* [DIRECTIONS FOR THIS TASK] Where the lines below hold images, skip those and copy every word exactly.

Web page caption snippets
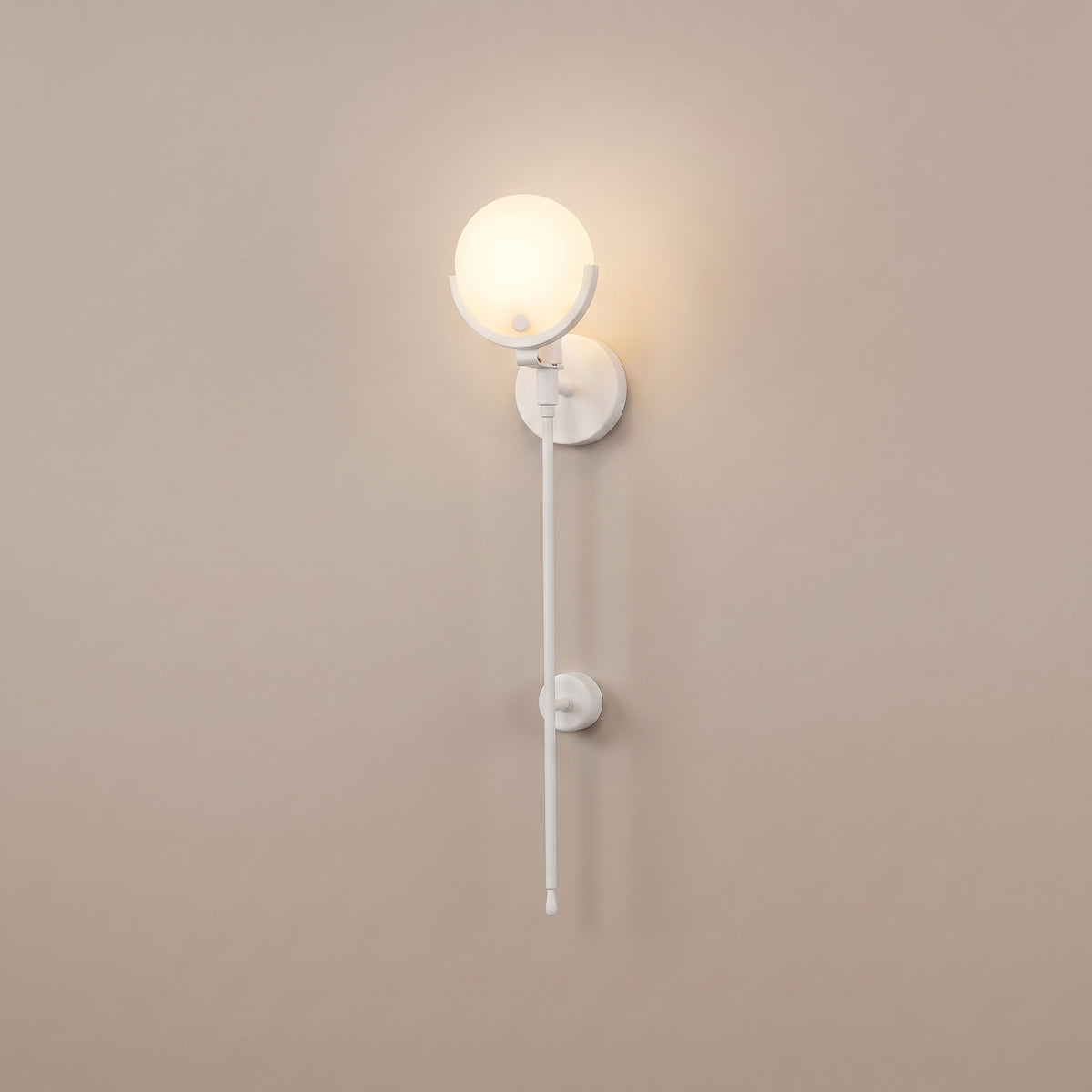 Croissant alabaster globe crescent wall sconce - White finish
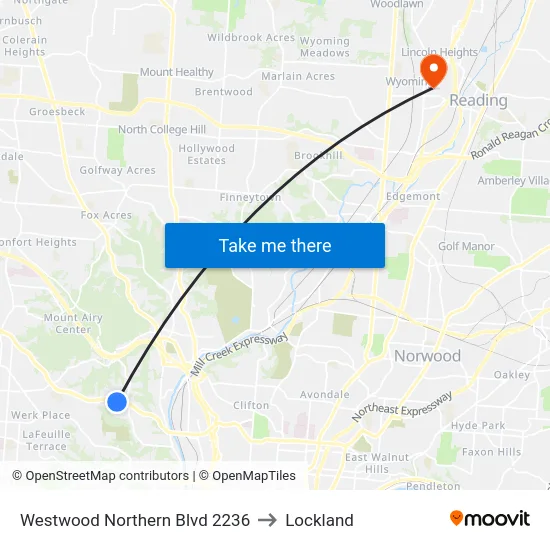 Westwood Northern Blvd 2236 to Lockland map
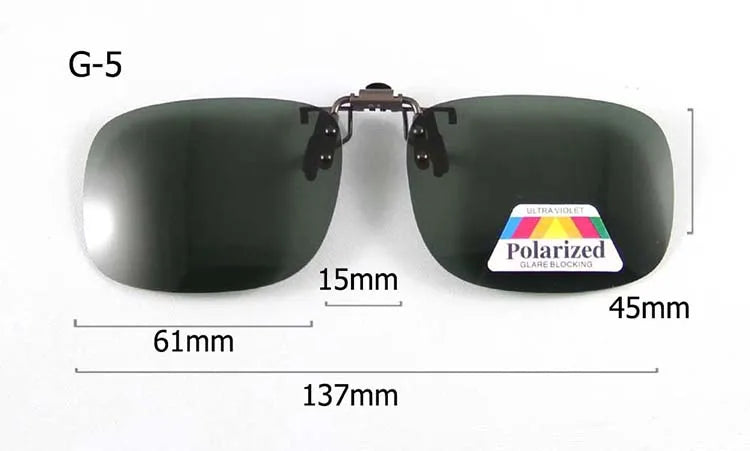 Polarized Sunglasses Clip on Can be flip up Sun Glasses Clip Driving Eyeglasses Polarized Clip on Sunglasses Alloy Bridge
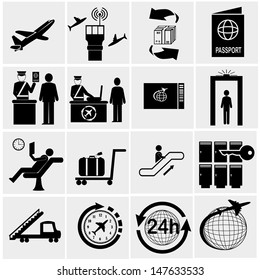 Airport icons set.Vector illustration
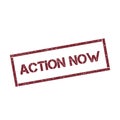 Action now rectangular stamp. Royalty Free Stock Photo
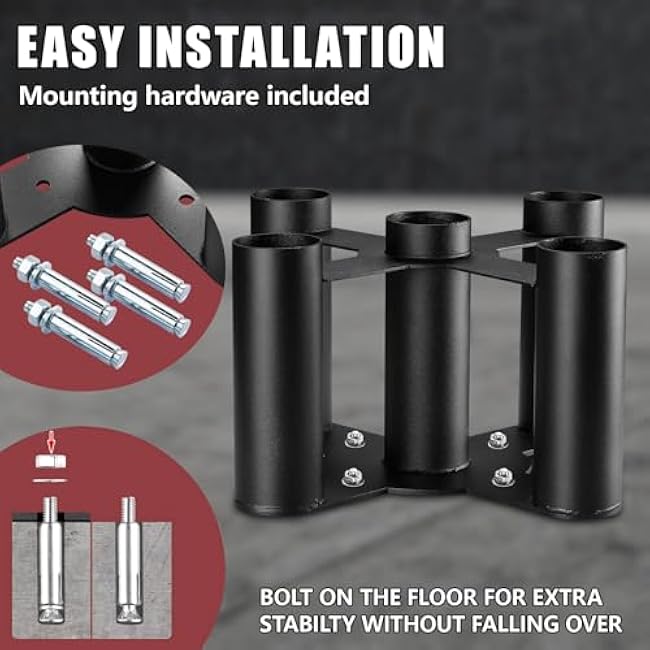 Barbell Holder Storage Rack, Heavy Duty Vertical Barbell Stand for Home and Commercial Gym, Fit 2-inch Olympic Bars, Curl Bars, Hex Bars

* [ANSWER TO THIS EXERCISE]
 Croissant alabaster globe crescent wall sconce - White finish
 Westwood Northern Blvd 2236 to Lockland map
 Polarized Sunglasses Clip on Can be flip up Sun Glasses Clip Driving Eyeglasses Polarized Clip on Sunglasses Alloy Bridge
 Airport icons set.Vector illustration
 Action now rectangular stamp. Royalty Free Stock Photo
 Barbell Holder Storage Rack, Heavy Duty Vertical Barbell Stand for Home and Commercial Gym, Fit 2-inch Olympic Bars, Curl Bars, Hex Bars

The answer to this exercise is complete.